In the build-up to Solo, it was announced that John Williams would compose a musical theme for Han Solo, something he always wanted to do in the past. But what he’s come up with seems like a copied-and-pasted, slightly faster version of his own Poe Dameron theme, another roguish pilot. The main body of the score is written by John Powell, who uses hints of his own percussion-heavy Bourne scores, as well as an Adiemus-meets-Ennio Morricone cue for Enfys Nest’s Cloud-Riders. But Powell would have done well to incorporate some of the rock instrumentation from the Solo trailers to give the score an extra oomph. It’s a bit of a missed opportunity for the man who, with How to Train Your Dragon, gave us some of the greatest film music of this century by marrying atypical film score instruments with an orchestra. Powell does make great use of existing Star Wars themes, however. The “TIE Fighter Attack” cue, last heard during the Millennium Falcon’s flight under Crait in The Last Jedi, gives the Kessel Run a needed punch-up, and will never stop being a pure injection hit of Star Wars. And, asteroids!
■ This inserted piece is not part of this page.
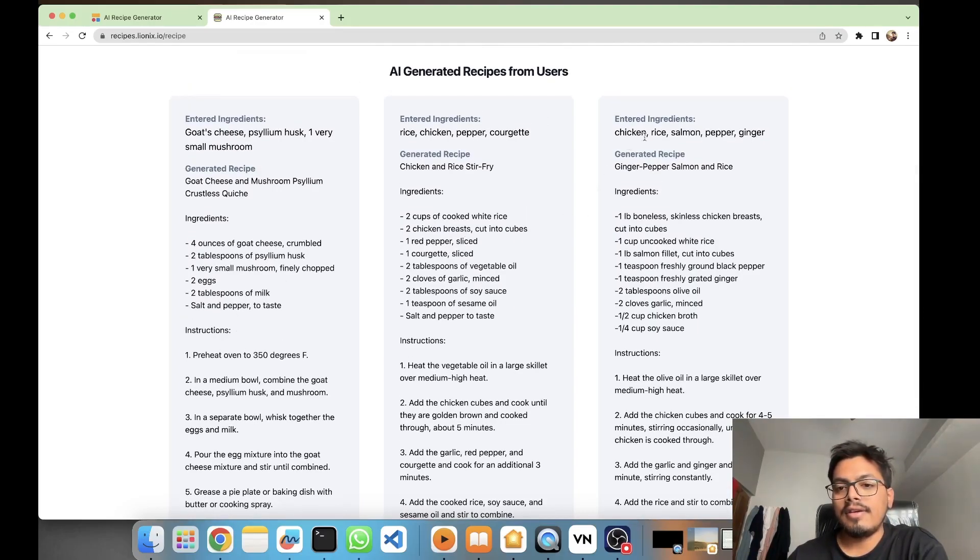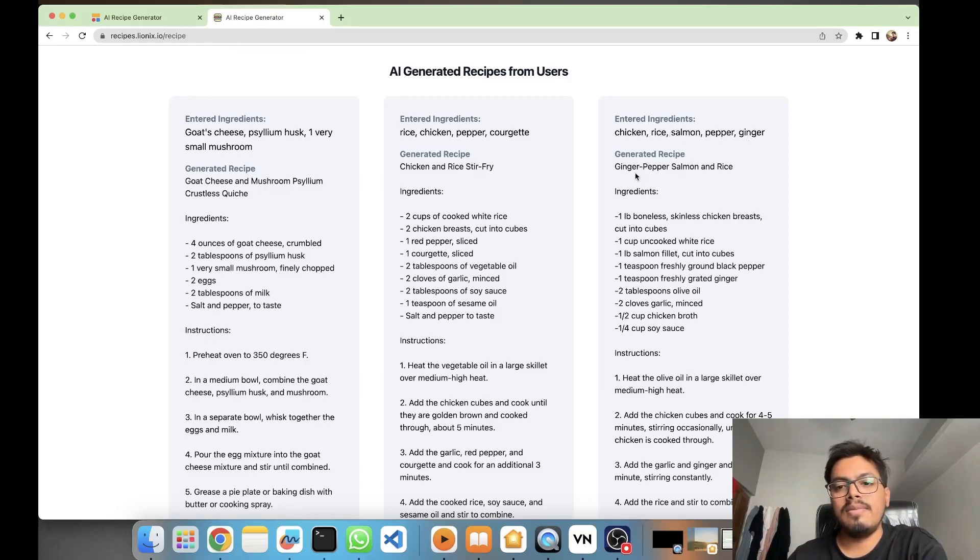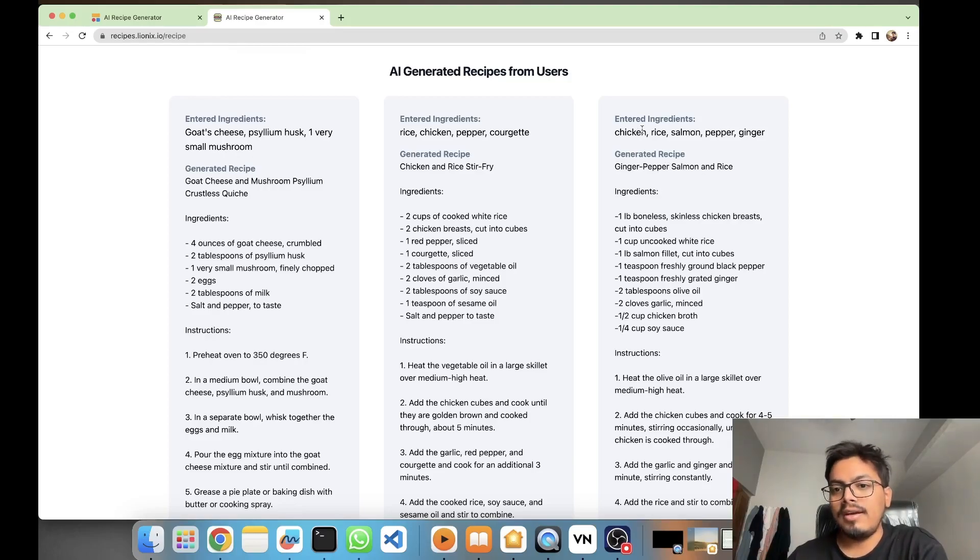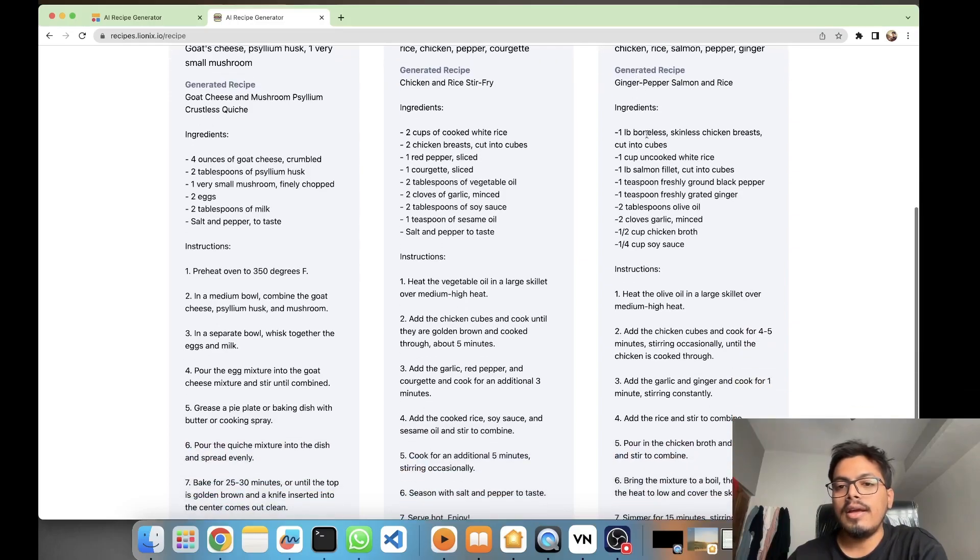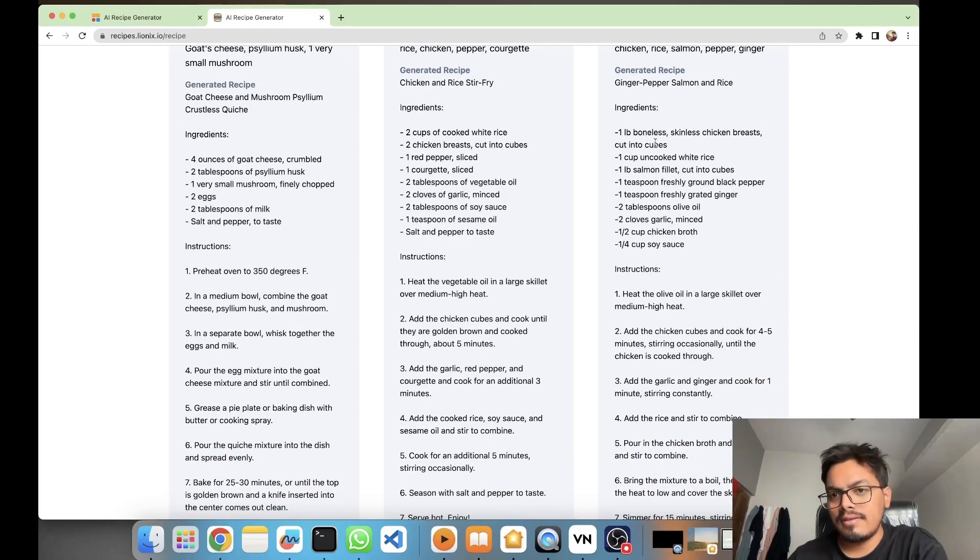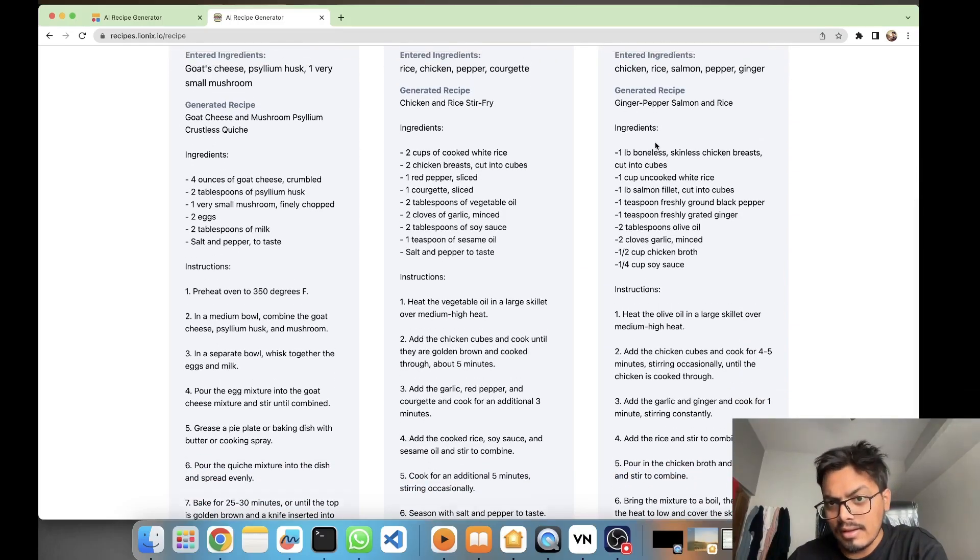Chicken, rice, salmon, pepper, and ginger. So it generated the recipe: ginger pepper salmon and rice. It excluded chicken altogether. And then these are the ingredients.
Production designer Neil Lamont adds to the saga’s palette of settings well, a couple of his designs being Han’s cool-as-Hoth landspeeder and the rustic and unusual Lodge set, where the stage is set for Lando’s introduction. Also, cinematographer Bradford Young gives Solo an earthy yet beautiful look. His lighting of the film’s five planets give a shape to the story’s structure all on their own: From the grime of Corellia, to the even-darker War-is-hell mud of Mimban, to the brighter snowscapes of Vandor, to the claustrophobic toxicity of Kessel, to a warmer hope for the future on Savareen.
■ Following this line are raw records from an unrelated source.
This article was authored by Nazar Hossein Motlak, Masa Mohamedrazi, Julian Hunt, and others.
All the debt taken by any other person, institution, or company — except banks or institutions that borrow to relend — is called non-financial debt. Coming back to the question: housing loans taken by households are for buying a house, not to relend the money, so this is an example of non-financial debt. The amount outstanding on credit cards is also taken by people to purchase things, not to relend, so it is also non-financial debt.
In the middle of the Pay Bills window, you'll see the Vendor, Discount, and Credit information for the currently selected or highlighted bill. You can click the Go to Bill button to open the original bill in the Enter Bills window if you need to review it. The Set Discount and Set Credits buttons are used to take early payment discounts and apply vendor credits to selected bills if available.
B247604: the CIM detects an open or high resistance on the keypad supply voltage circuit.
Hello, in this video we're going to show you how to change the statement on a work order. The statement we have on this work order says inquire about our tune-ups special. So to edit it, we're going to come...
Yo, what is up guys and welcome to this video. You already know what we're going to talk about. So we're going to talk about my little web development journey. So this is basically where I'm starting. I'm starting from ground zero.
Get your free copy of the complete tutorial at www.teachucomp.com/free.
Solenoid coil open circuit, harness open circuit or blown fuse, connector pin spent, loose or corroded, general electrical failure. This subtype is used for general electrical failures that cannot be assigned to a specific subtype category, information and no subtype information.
Solo, while not featuring the best action or the best character dynamics, carries itself well as a fun space caper movie, and is given a big lift by its make-or-break central performance from Ehrenreich. It hits its themes of freedom and family hard and often. It’s filled with that Star Wars spirit of rebellion, albeit in different forms. I’d venture to say it’s a better Han Solo movie than Return of the Jedi (though not a better movie overall). When Han first sees the Millennium Falcon, I did almost cry. And that’s got to count for something. 7/10.
P.S.: YOU CAN’T MAKE THE SPOILER RUN IN LESS THAN 20 SENTENCES!
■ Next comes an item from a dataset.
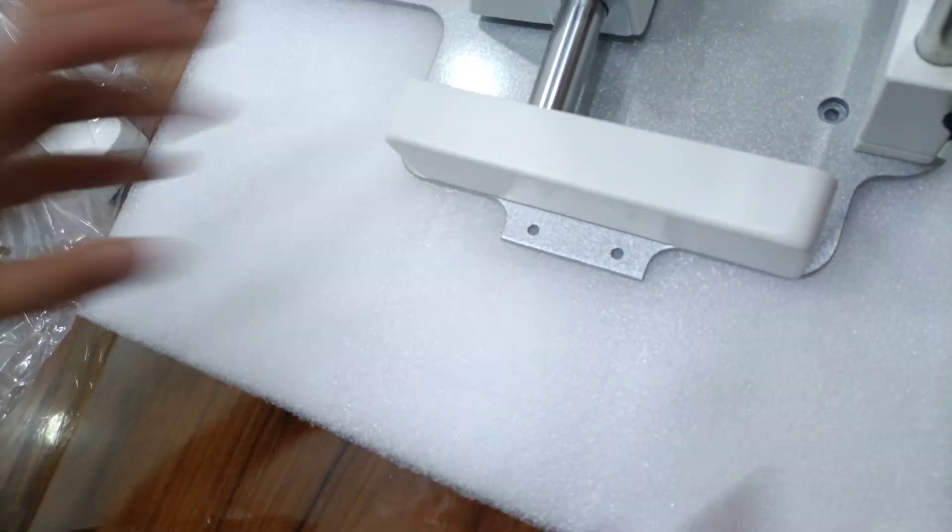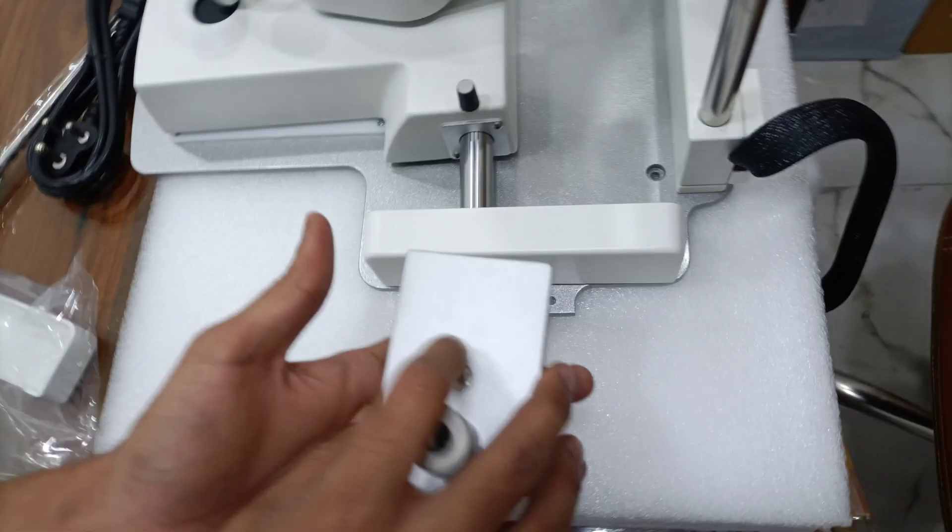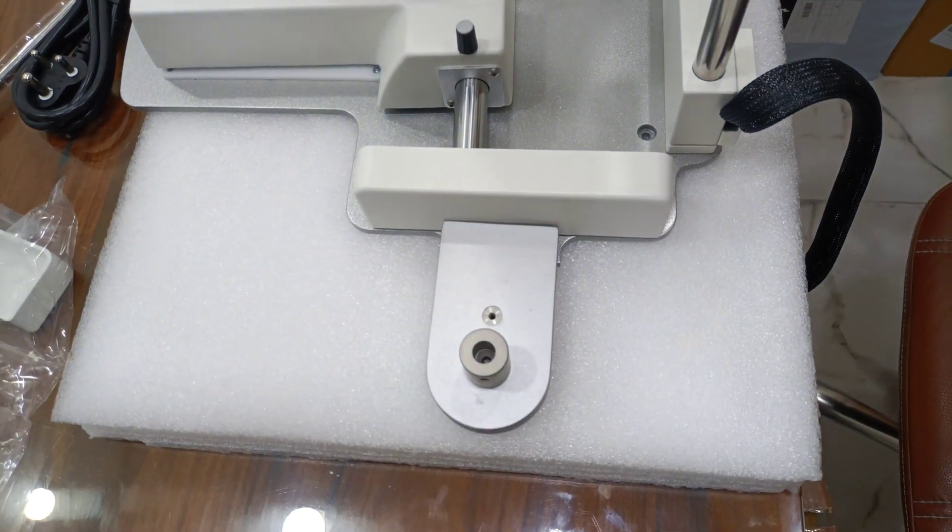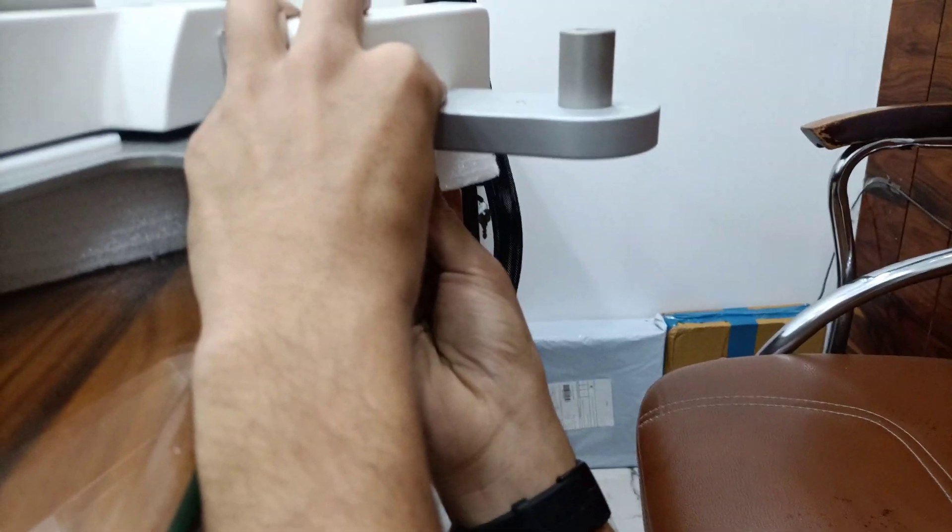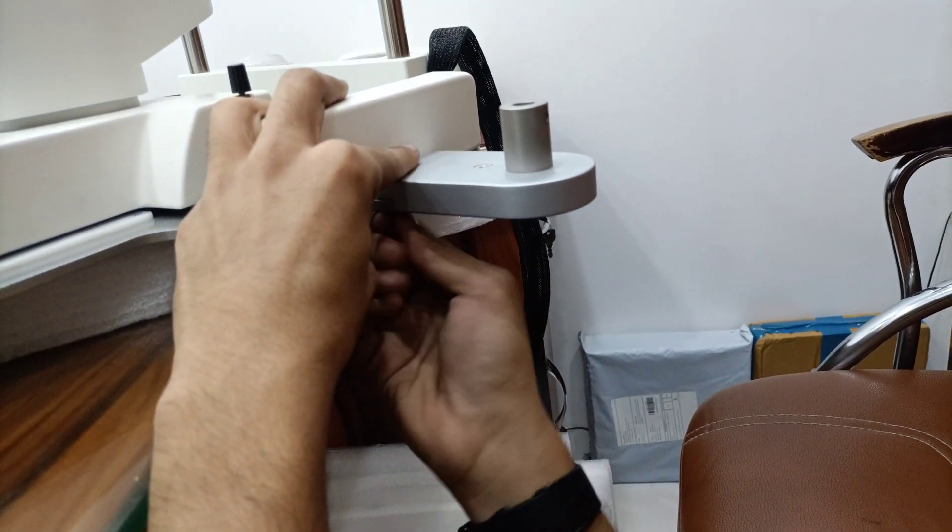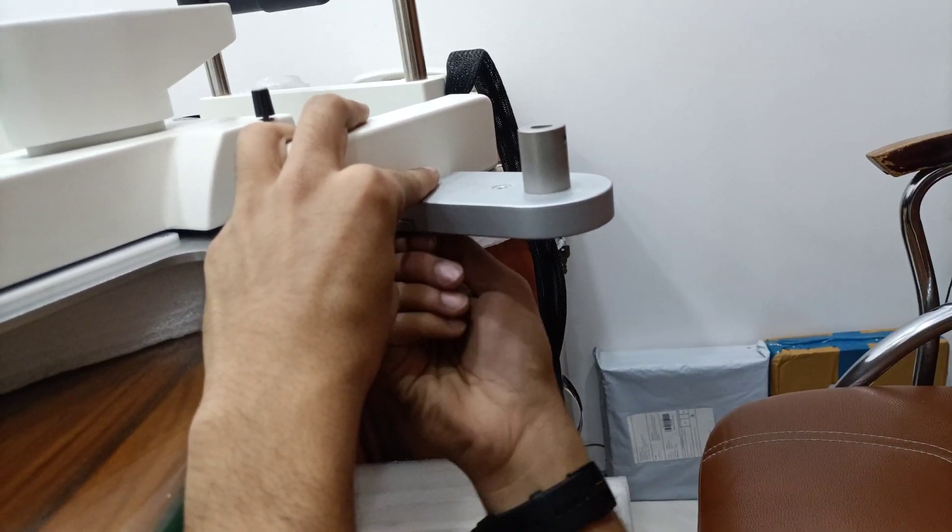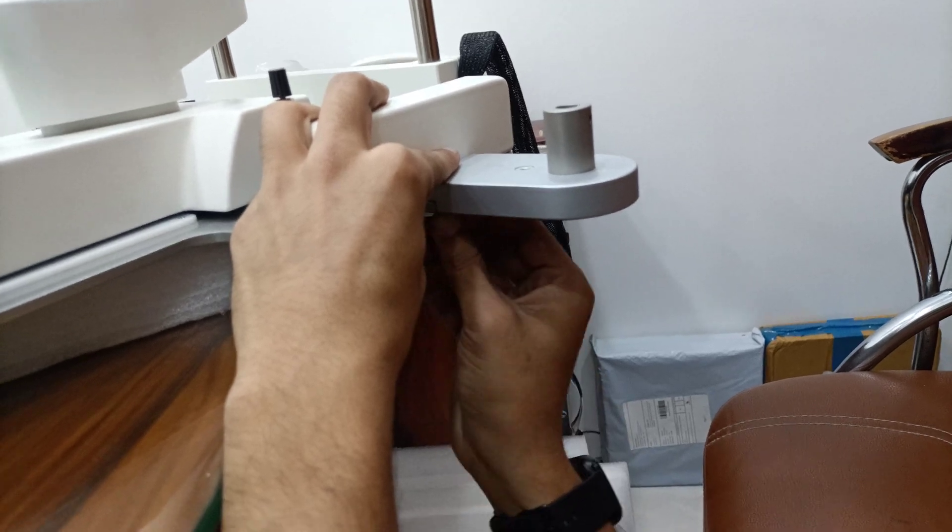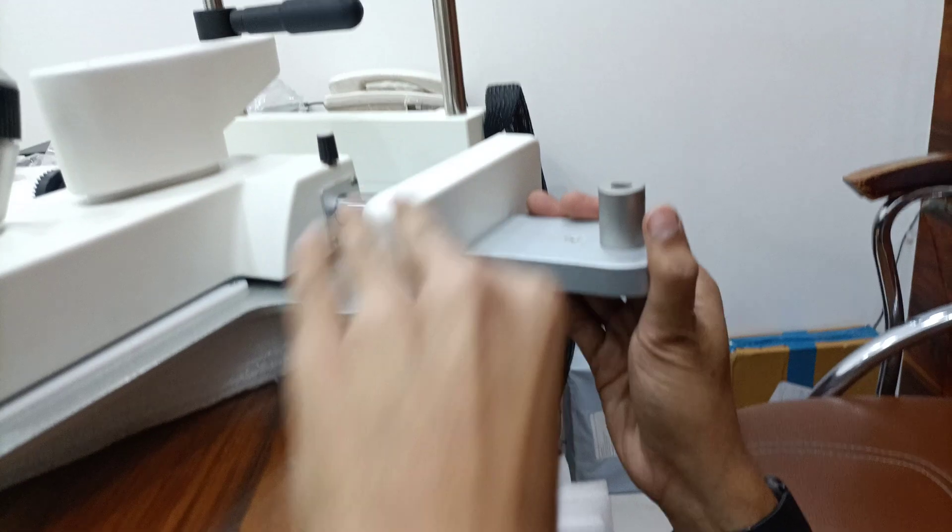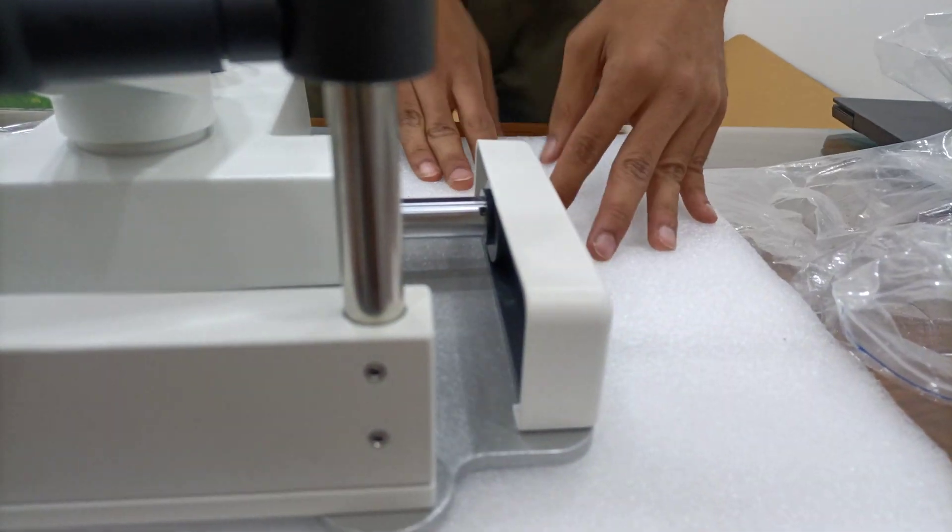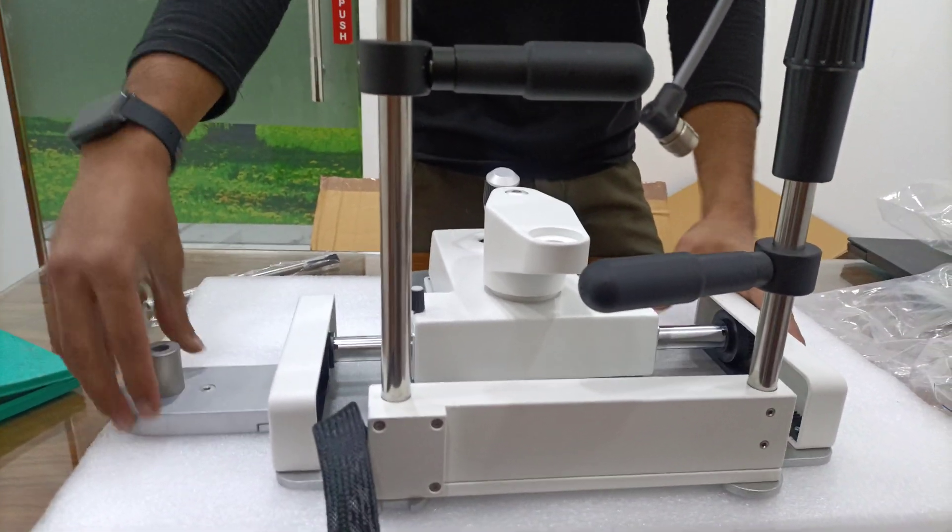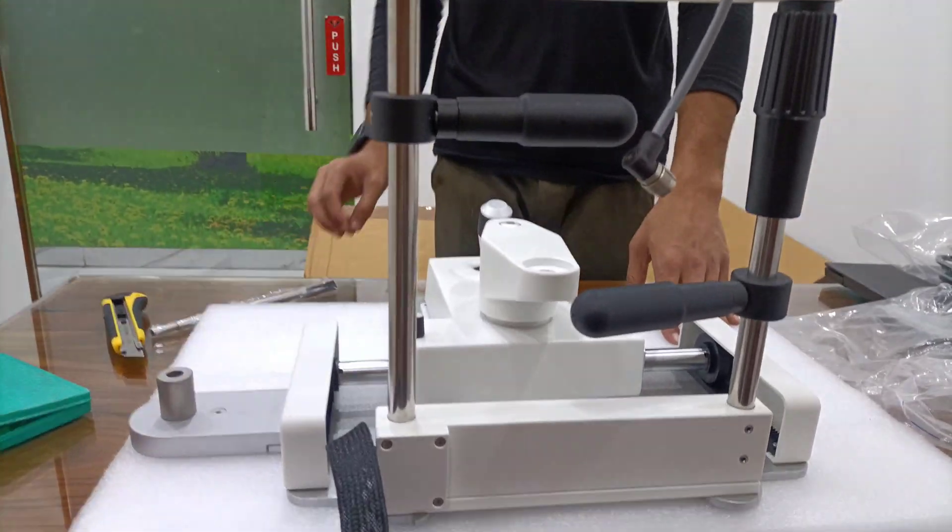We will cover. Now we will tight this. Tight. You have to use Allen key in all screws. Both covers fixed and transformer fixed.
More than the other recent Star Wars movies, Solo traffics in a delightfully unending stream of offhand references to other elements of the canon. To name a smattering: Aurra Sing (Beckett killed her…!?), Teräs Käsi, Mimban (from the Legends novel “Splinter of the Mind’s Eye”), Colo claw fish (“There’s always a bigger fish…”), we now know how both Lando and Leia got their Jabba’s Palace disguises (see Forces of Destiny), Bossk, the Pykes. But best of all is Maul.
What a payoff for fans of the wider Star Wars canon. What a tribute to the writers of The Clone Wars and Rebels TV series and Maul’s two comic miniseries, who against all odds created a real character out of the cipher in The Phantom Menace. That’s not to mention Ray Park (from the films) and Sam Witwer (from the TV shows), whose distinct approaches to Maul were melded together into one performance here. And this is exactly where Maul would be, as per TV and comic continuity: orchestrating criminal syndicates, and in opposition to the Pykes, who abandoned his service. That little strain of “Duel of the Fates” comes on, and Maul ignites his lightsaber. There you go, that one moment means that every Star Wars movie still includes a lightsaber.